WHAT THE TASK ASKS
Quote, without any change, the line that contains "Welcome to isocrats.app" and all lines that follow it to the end of the data below.

SUPPLIED INFORMATION: Begin

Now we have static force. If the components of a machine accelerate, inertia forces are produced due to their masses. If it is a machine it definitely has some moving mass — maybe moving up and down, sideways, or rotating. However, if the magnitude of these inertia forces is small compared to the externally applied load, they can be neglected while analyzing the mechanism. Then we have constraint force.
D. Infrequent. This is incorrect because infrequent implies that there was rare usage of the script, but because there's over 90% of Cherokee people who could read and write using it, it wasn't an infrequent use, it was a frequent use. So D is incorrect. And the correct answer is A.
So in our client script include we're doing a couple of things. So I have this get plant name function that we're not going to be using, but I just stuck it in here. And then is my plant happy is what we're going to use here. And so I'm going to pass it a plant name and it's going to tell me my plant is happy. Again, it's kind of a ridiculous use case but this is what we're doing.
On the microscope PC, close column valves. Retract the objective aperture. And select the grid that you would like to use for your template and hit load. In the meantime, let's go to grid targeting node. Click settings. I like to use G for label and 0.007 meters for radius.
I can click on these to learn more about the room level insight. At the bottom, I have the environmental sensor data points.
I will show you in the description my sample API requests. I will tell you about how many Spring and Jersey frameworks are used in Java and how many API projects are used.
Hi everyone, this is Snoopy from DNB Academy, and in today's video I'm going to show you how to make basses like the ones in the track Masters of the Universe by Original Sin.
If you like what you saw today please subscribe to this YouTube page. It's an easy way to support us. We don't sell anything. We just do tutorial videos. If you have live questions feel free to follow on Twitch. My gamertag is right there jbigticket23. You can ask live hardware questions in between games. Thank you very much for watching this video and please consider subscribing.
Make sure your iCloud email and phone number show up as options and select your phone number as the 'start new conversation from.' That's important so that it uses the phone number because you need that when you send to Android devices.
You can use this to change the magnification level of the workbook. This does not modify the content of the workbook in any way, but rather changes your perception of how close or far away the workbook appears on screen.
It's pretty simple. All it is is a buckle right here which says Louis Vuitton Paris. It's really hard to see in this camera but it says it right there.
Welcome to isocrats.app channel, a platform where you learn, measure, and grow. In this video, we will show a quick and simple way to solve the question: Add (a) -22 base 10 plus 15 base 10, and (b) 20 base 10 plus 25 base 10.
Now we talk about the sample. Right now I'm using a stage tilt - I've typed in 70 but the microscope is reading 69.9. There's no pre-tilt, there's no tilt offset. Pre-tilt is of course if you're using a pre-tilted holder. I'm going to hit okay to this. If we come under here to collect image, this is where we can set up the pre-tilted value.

SUPPLIED INFORMATION: End

THE COMPLETED TASK
Welcome to isocrats.app channel, a platform where you learn, measure, and grow. In this video, we will show a quick and simple way to solve the question: Add (a) -22 base 10 plus 15 base 10, and (b) 20 base 10 plus 25 base 10.
Now we talk about the sample. Right now I'm using a stage tilt - I've typed in 70 but the microscope is reading 69.9. There's no pre-tilt, there's no tilt offset. Pre-tilt is of course if you're using a pre-tilted holder. I'm going to hit okay to this. If we come under here to collect image, this is where we can set up the pre-tilted value.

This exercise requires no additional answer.